▸ **The task**
Under this line are the records; write out word for word the part that begins at the line containing "LOS ANGELES - NOVEMBER" and ends at the line containing "Luscious Lopez white swimsuit and hat", and no more.

Data extracted from a collection:
* * * * * * * * *

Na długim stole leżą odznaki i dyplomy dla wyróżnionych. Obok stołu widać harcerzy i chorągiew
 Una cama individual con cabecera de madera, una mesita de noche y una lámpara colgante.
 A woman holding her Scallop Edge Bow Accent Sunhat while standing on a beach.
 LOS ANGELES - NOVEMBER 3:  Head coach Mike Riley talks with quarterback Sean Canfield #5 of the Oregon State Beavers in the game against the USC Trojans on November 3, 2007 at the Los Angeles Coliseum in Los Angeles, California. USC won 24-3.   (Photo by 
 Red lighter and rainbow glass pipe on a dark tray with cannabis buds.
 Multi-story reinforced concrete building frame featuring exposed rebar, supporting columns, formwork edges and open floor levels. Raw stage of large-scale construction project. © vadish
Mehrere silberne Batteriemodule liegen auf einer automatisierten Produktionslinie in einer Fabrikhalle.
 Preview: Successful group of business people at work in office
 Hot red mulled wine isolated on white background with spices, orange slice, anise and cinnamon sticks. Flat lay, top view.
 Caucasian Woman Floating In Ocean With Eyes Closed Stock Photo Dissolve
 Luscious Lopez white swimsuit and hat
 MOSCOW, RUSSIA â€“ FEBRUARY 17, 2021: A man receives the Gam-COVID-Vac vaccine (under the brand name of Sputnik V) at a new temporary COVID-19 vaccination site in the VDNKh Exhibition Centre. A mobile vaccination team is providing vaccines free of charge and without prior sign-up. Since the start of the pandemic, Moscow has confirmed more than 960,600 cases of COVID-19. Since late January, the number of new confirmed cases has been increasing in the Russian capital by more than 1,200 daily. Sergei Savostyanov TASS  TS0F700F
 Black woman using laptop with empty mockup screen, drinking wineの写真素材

* * * * * * * * *

▸ **Solution to this exercise**
 LOS ANGELES - NOVEMBER 3:  Head coach Mike Riley talks with quarterback Sean Canfield #5 of the Oregon State Beavers in the game against the USC Trojans on November 3, 2007 at the Los Angeles Coliseum in Los Angeles, California. USC won 24-3.   (Photo by 
 Red lighter and rainbow glass pipe on a dark tray with cannabis buds.
 Multi-story reinforced concrete building frame featuring exposed rebar, supporting columns, formwork edges and open floor levels. Raw stage of large-scale construction project. © vadish
Mehrere silberne Batteriemodule liegen auf einer automatisierten Produktionslinie in einer Fabrikhalle.
 Preview: Successful group of business people at work in office
 Hot red mulled wine isolated on white background with spices, orange slice, anise and cinnamon sticks. Flat lay, top view.
 Caucasian Woman Floating In Ocean With Eyes Closed Stock Photo Dissolve
 Luscious Lopez white swimsuit and hat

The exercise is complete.